Few news stories pointed out that Oxbryta was given a green light on the basis of a single clinical randomized trial of just 274 patients, or that those patients took the drug or a placebo for 24 weeks - not nearly enough time for long-term adverse effects to emerge.
Coverage largely overlooked the use of a surrogate endpoint, elevated hemoglobin levels. Researchers didn't collect data on clinical outcomes that matter to patients such as improved quality of life or greater ability to complete daily tasks.
People with debilitating chronic diseases are particularly vulnerable to positive spin about new treatments. Sickle cell, which affects marginalized communities, is a poignant example.
For decades sickle cell anemia, the most severe form of sickle cell disease, "was overlooked in favor of diseases like cystic fibrosis and hemophilia, diseases which saw more funding and a greater number of breakthroughs," Yoram Unguru, M.D., M.S., M.A., a pediatric hematologist and oncologist at the Herman and Walter Samuelson Children's Hospital at Sinai in Baltimore and an associate professor at the Johns Hopkins Berman Institute of Bioethics, said in an email.
When research finally yielded potential treatments, he said, some patients and clinicians "were more than willing to embrace overly optimistic prognostications."

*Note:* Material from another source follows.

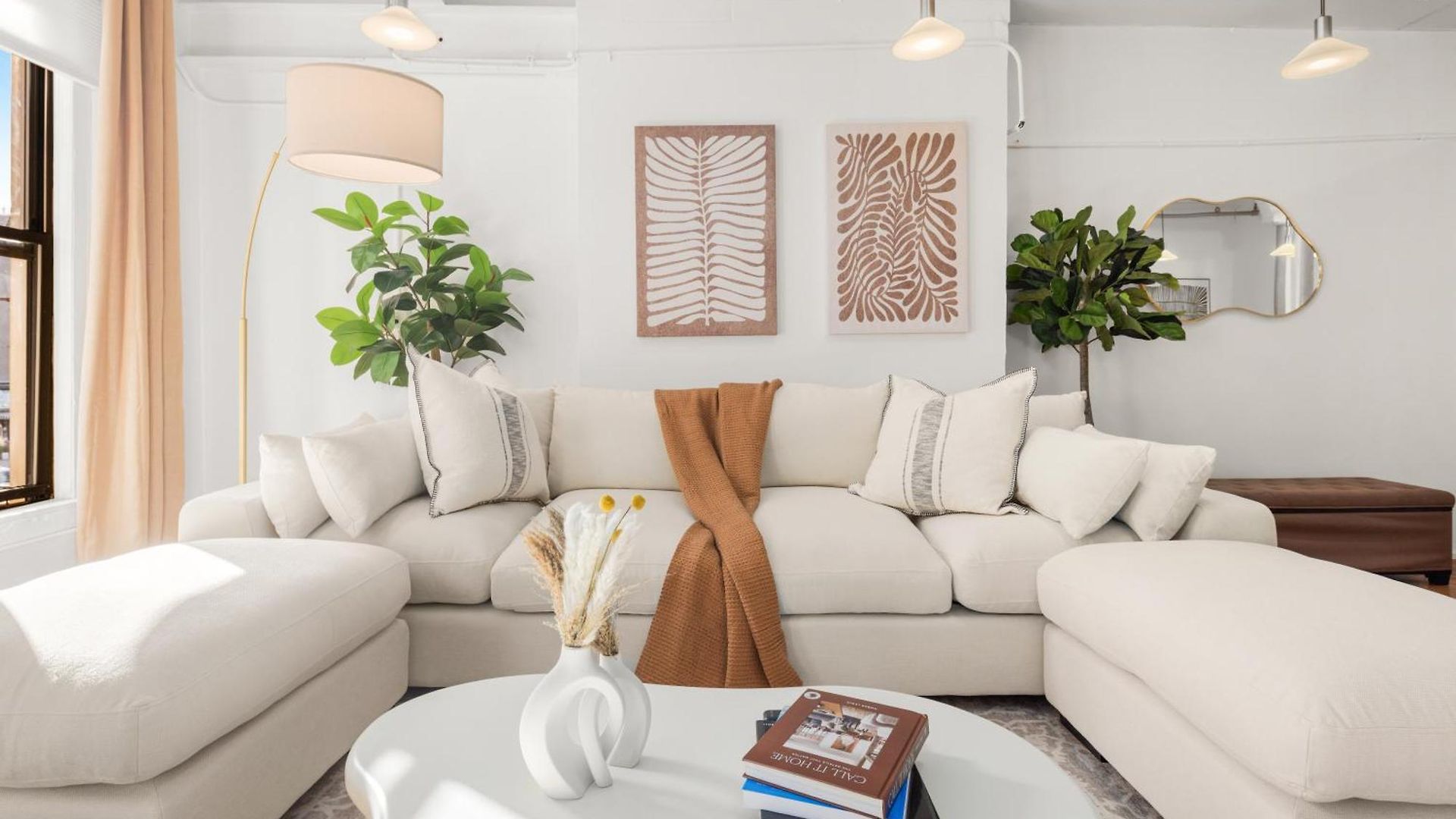 Beautifully Designed 3 Bdr In Dumbo Nyc Apartment *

Oxbryta isn't the only FDA-approved treatment for sickle cell that hasn't panned out. Adakveo (crizanlizumab), which was greenlit around the same time, was determined in 2023 to have no clinical benefit.
Along with physicians, journalists have a duty to communicate responsibly about treatments "even if it risks a less 'sexy' headline," Unguru said, adding that "failure to do so results in harm by promoting fear and compounds mistrust of the medical/scientific community."